[Data provided]
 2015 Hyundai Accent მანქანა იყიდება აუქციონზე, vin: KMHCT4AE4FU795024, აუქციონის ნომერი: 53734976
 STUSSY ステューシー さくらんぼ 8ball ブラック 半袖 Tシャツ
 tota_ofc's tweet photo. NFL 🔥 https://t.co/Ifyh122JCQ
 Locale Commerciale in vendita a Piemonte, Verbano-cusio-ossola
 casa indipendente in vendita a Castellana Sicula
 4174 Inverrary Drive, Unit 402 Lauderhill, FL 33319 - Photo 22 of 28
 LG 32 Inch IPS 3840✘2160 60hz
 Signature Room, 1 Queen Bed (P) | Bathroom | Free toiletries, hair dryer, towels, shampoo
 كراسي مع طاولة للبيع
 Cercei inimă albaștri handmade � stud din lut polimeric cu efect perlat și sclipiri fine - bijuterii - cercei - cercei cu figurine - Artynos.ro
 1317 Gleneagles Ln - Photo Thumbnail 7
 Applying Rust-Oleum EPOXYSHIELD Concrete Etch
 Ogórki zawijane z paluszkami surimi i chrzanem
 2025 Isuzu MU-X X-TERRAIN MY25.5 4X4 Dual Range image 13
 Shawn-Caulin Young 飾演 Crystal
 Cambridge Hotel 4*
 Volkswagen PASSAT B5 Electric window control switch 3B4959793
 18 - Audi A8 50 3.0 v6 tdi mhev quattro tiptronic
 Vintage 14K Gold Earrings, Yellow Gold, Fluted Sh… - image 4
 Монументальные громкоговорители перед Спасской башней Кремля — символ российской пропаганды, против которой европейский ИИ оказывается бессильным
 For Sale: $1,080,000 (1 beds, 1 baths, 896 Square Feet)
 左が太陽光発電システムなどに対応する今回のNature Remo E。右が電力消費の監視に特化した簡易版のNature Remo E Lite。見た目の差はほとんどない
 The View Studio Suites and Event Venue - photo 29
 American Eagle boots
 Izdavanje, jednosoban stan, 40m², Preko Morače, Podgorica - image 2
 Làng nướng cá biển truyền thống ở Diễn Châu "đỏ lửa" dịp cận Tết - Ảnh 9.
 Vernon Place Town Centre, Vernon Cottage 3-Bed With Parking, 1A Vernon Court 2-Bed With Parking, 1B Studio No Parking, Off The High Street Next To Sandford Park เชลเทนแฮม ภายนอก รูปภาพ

[Assignment]
Retype exactly the lines from the one containing "Shawn-Caulin Young 飾演 Crystal" through the end of the data. Add nothing.

[Solution]
 Shawn-Caulin Young 飾演 Crystal
 Cambridge Hotel 4*
 Volkswagen PASSAT B5 Electric window control switch 3B4959793
 18 - Audi A8 50 3.0 v6 tdi mhev quattro tiptronic
 Vintage 14K Gold Earrings, Yellow Gold, Fluted Sh… - image 4
 Монументальные громкоговорители перед Спасской башней Кремля — символ российской пропаганды, против которой европейский ИИ оказывается бессильным
 For Sale: $1,080,000 (1 beds, 1 baths, 896 Square Feet)
 左が太陽光発電システムなどに対応する今回のNature Remo E。右が電力消費の監視に特化した簡易版のNature Remo E Lite。見た目の差はほとんどない
 The View Studio Suites and Event Venue - photo 29
 American Eagle boots
 Izdavanje, jednosoban stan, 40m², Preko Morače, Podgorica - image 2
 Làng nướng cá biển truyền thống ở Diễn Châu "đỏ lửa" dịp cận Tết - Ảnh 9.
 Vernon Place Town Centre, Vernon Cottage 3-Bed With Parking, 1A Vernon Court 2-Bed With Parking, 1B Studio No Parking, Off The High Street Next To Sandford Park เชลเทนแฮม ภายนอก รูปภาพ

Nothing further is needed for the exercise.